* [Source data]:
* * *

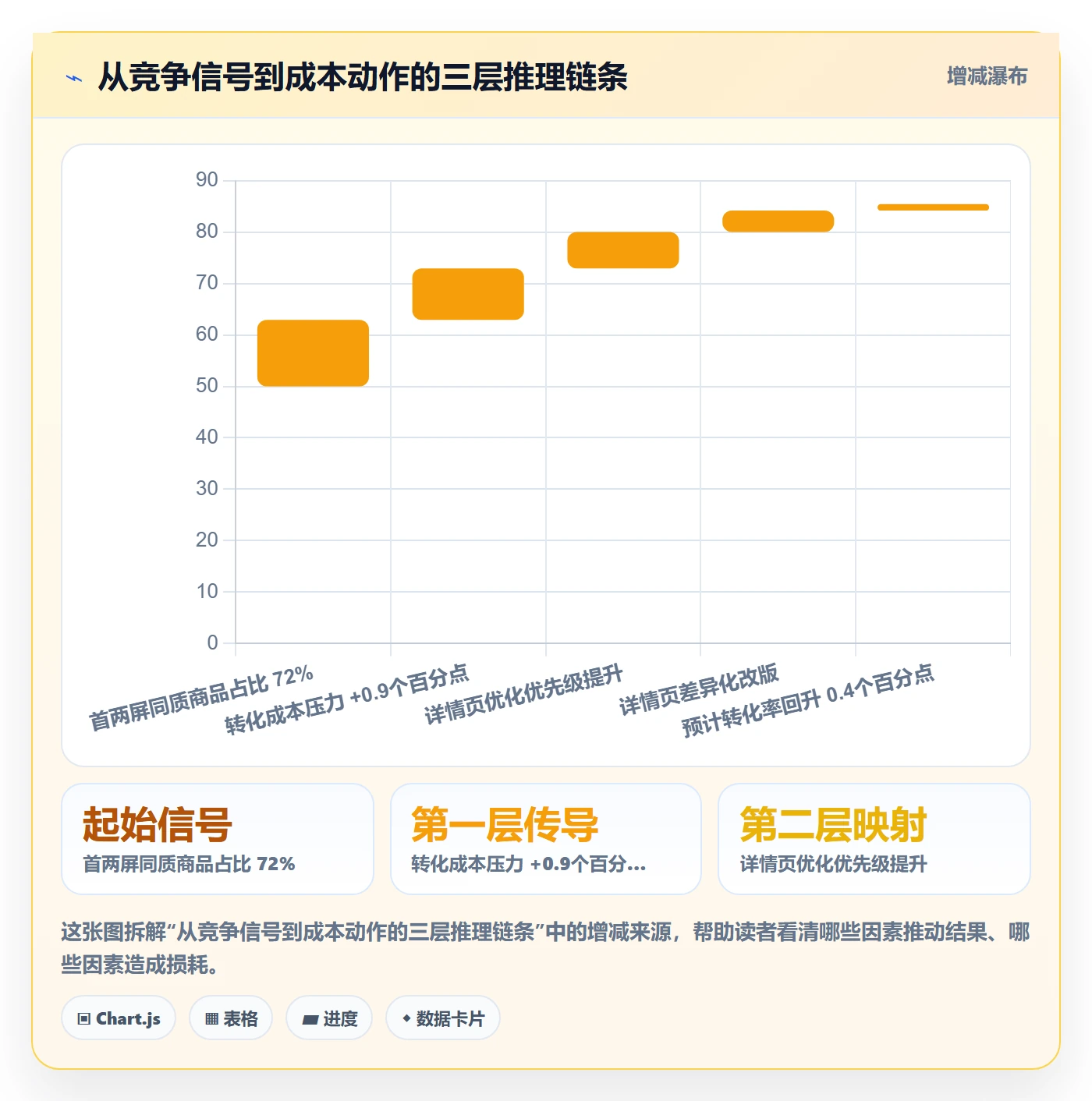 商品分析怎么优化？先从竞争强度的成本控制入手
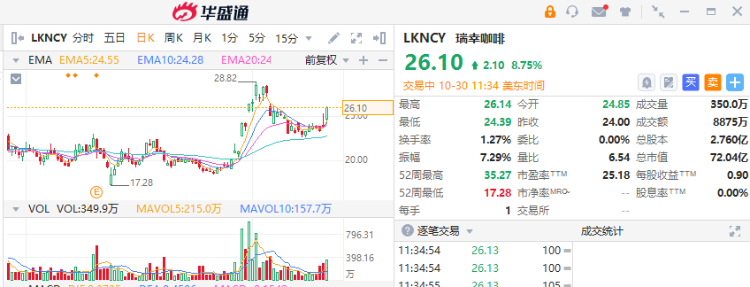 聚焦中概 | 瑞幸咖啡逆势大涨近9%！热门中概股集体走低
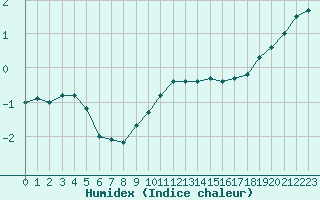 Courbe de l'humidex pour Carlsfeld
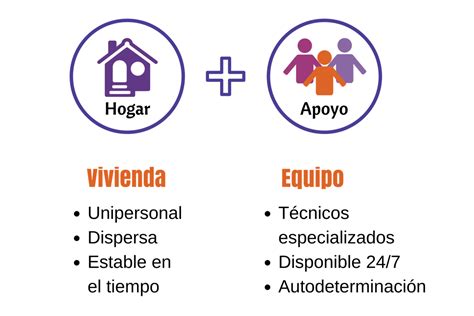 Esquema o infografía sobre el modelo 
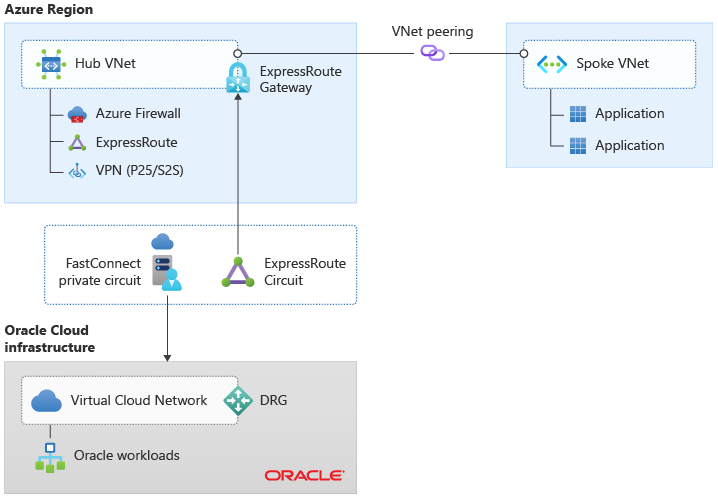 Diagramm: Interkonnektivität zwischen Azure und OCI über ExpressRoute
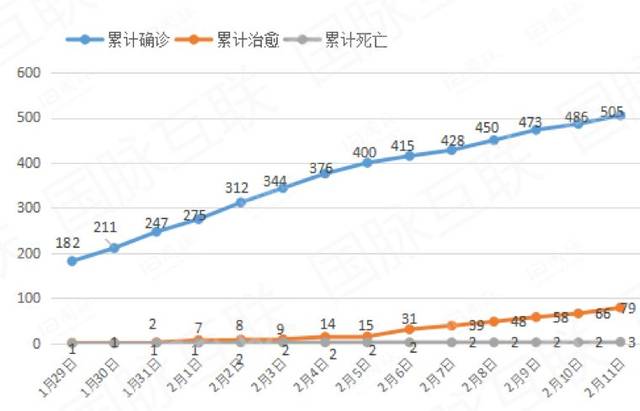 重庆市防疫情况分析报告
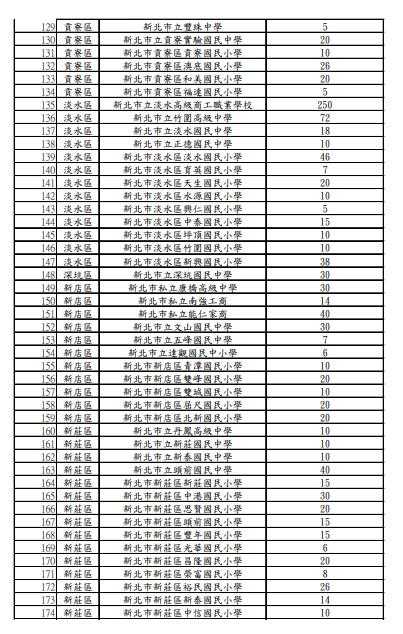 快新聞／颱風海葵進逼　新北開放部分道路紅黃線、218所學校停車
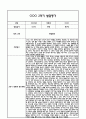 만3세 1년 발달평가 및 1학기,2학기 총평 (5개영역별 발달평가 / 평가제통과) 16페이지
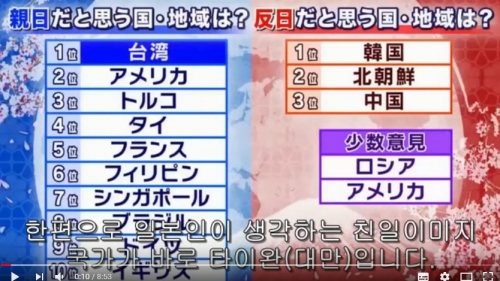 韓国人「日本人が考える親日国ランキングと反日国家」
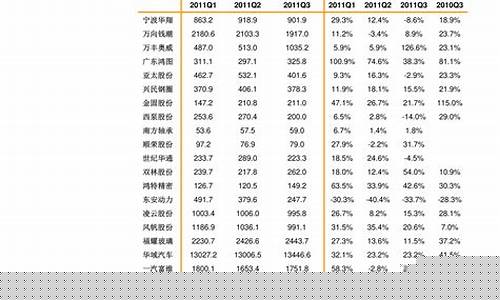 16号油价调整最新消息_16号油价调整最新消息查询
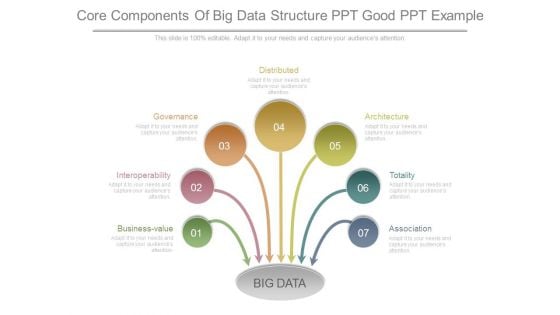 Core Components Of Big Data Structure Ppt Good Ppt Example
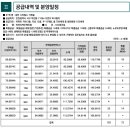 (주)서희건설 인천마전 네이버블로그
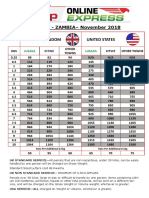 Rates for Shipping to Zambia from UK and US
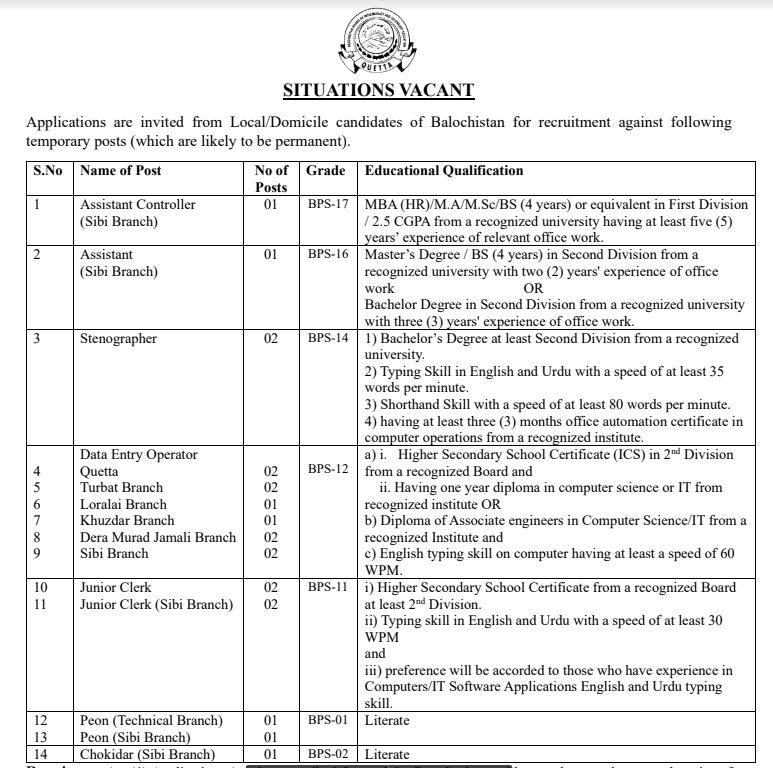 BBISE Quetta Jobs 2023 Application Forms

* * *

Write out exactly the lines from the line holding "(주)서희건설 인천마전 네이버블로그" through the last line of the records above, inclusive, and nothing more. Leave out the pictures.

* [Exercise output]:
 (주)서희건설 인천마전 네이버블로그
 Rates for Shipping to Zambia from UK and US
 BBISE Quetta Jobs 2023 Application Forms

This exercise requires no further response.